Today I had the fascinating experience of visiting the House of Lords at Westminster to listen in on a debate motioned by Lord Bates on ‘Contributions of the English Premier League Football to the United Kingdom’.

Sceptics and socialists among you may wonder what the hell football has to do with the House of Lords and what possible relevance it might have to grassroots football. Fair enough. The Lords give consideration to public policy and have a responsibility to hold the government to account – when I joined the chamber this morning the state of A&E healthcare provision was under scrutiny – so depending on your point of view you may not see the need for any form of observation or intevention by politicians in sport.

But the debate undeniably highlighted the popularity of the sport across all areas of society. Indeed, by discussing the Premier League in a place traditionally associated with aristocracy and rule by hereditary peers, it was the venue that provided a striking contrast to the classic memory of football I have growing up – of the game being more associated with ‘the working classes’. The Lords chamber is also a particularly striking contrast from the 2. Bundesliga match I attended last weekend at the Millentor stadium between St Pauli and 1860 Munich!

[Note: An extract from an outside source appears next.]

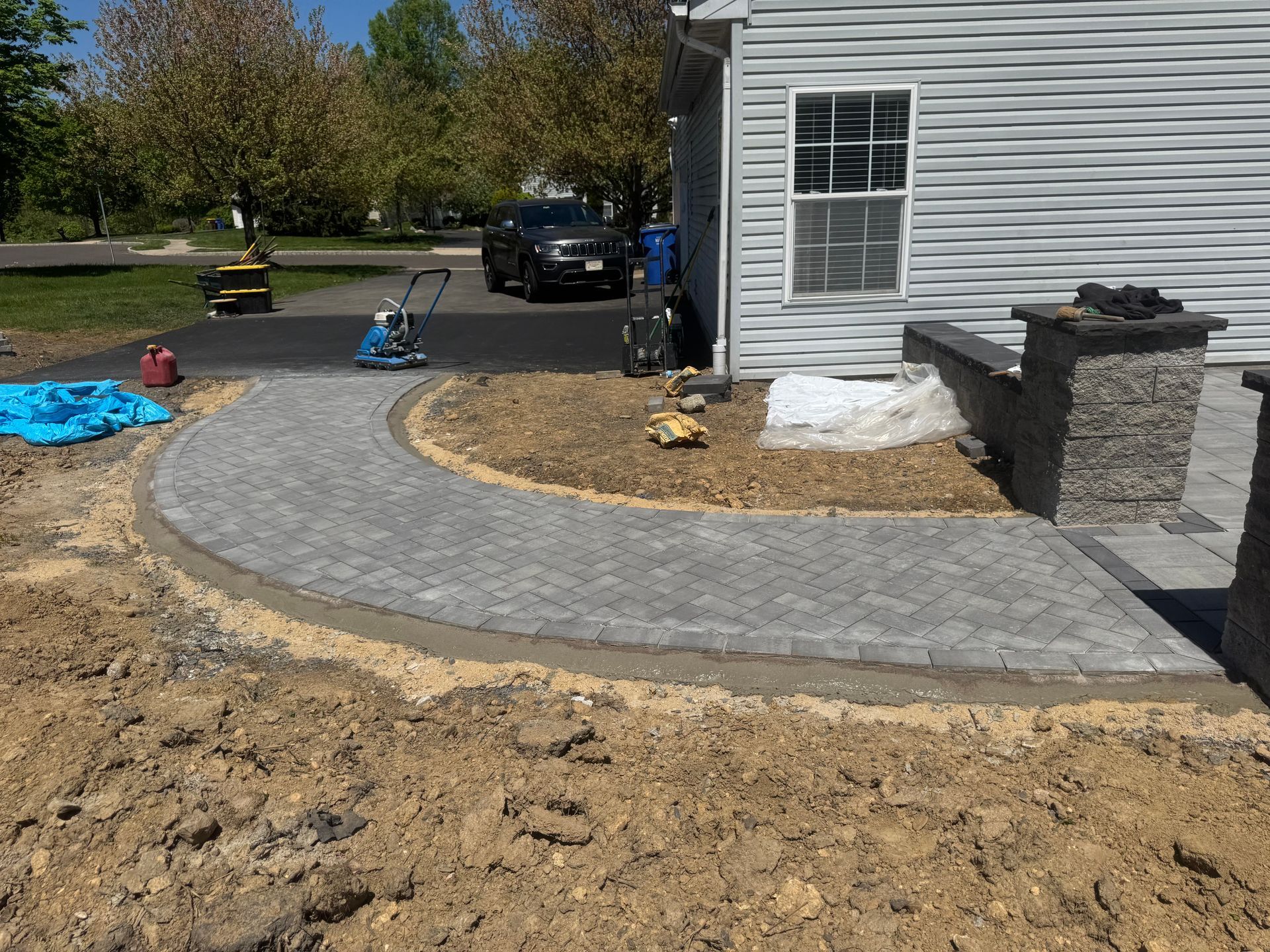 Curved gray paver walkway beside a house, with a car, landscaping, and a driveway in the background.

It is useful to be reminded how important football has now become to both the privileged and underprivileged, and how inclusive it has become (or at least has tried to become).

Many speakers in the debate made note of the controversial origins of the English Premier League and its breakaway from the Football Association and Football League in 1992. It remains a very clear marker for the modernisation of the top-flight game in England and a shift in focus towards the commercialisation of the game – with lucrative broadcasting deal after lucrative broadcasting deal ever since.

The high revenues enjoyed by the Premier League are well-known and well-reported. In 1991/92 the collective revenue of the top division in England was £170 million. In 2013/14, in consideration of the latest lucrative broadcasting deals, the seasonal revenue is projected to reach £3.08 billion. Attendances and stadia occupancy rates have also increased significantly, although it is also often pointed out that the German Bundesliga leads the way in that respect.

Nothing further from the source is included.